I, the undersigned, having been designated by the court as the register in bankruptcy, before whom the proceedings in the above matter of the bankruptcy of Abner Hambright are to be had, do here by certify that in the due course of such proceedings, the following question pertinent to the same arose and was stated and agreed to by J, Bolton Smith, Esq., attorney for A. F. Smith, executor of J. B. Manning, deceased, and T. W. Clawson, attorney for J. S. R. Thompson and T. S. Jeffreys, assignees of the estate of Abner Hambright, the above-named bankrupt:

The estate of the bankrupt, as embraced in his schedules, consisted of one tract of land containing one hundred and ten acres, an undivided interest in two other small tracts, and a small personalty. The whole of the personal estate was set off to the bankrupt by the assignees, and the only property sold by them was the land referred to above, for which they realized the sum of eighty dollars and eighteen cents. A. F. Smith, executor of J. B. Manning, deceased, a creditor of the bankrupt, holds a judgment against the bankrupt for seventy-five dollars, obtained in 1856, which created a lien on the bankrupt's estate. This debt he has proved as a secured debt against the bankrupt's estate, according to form 46, Rice's Manual. The property of the bankrupt was sold by the assignees, free from encumbrance, and the proceeds of sale are insufficient to pay the fees, costs, and expenses of bankruptcy, and to pay off the judgment of A. F. Smith, executor, referred to above. The said A. F. Smith, executor, by his attorney, J. Bolton Smith, Esq., has since the sale served a notice on the assignees, which is here unto attached, that he claims the proceeds of the sale of the lands as applicable to the aforesaid judgment. J. Bolton Smith, attorney for A. F. Smith, executor, insists that the judgment is entitled to be paid out of the proceeds of sale, to the exclusion of the fees, costs, and expenses; whereas, it is submitted by T. W. Clawson, attorney for assignees, that the fees, costs, and expenses in bankruptcy should first be paid, and that the balance, if any, remaining, in their hands, should be applied to the judgment and the said parties requested that the same should be certified to your honor for your opinion thereon. The register agrees with the attorney for the assignees, that the proceeds of the sale of the property should be first applied to the payment of the fees, costs, and expenses in bankruptcy, and that the balance, if any, remaining in their hands, be applied to the judgment.
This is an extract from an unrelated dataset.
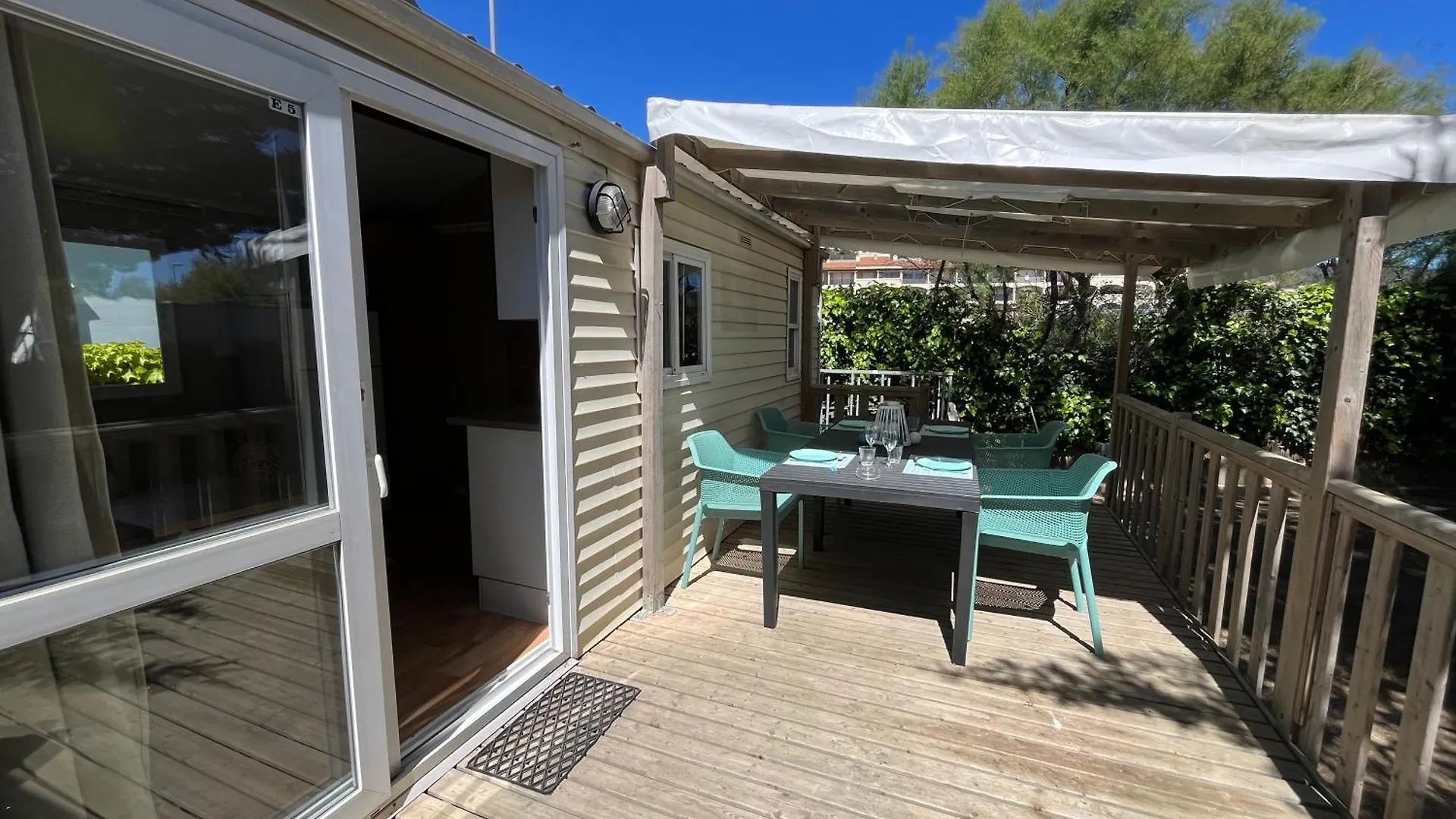 Campsite Camping La Sirena L'Estartit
Under section twenty-eight of the bankrupt act [of 1867 (14 Stat. 530)], it is provided that, “in the order of a dividend: * * * the following claims shall be entitled to priority, &c”. “First. The fees, costs, arid expenses of suits, and the several proceedings in bankruptcy.” In the fortyseventh section, after providing a schedule of fees for the different officers, the act says: “uch fees shall have priority of payment over all other claims, out of the estate of the bankrupt, * 3 5 and if there are not sufficient assets for the payment of the fees, the person upon whose petition the warrant issues shall pay the same.” And in the next paragraph the act further says: “Before any dividend is declared, the assignees shall pay out of the estate to the messenger the following fees.” From the clauses of the act above referred to, two propositions seem necessarily to follow: First. That the fees, costs, and expenses, have priority of payment over all other claims against the bankrupt's estate. Secondly. That the bankrupt is liable to pay no fees or expenses of his bankruptcy beyond his deposit fee, 315provided he has an estate which comes to the hands of the assignee sufficient for the payment of the same.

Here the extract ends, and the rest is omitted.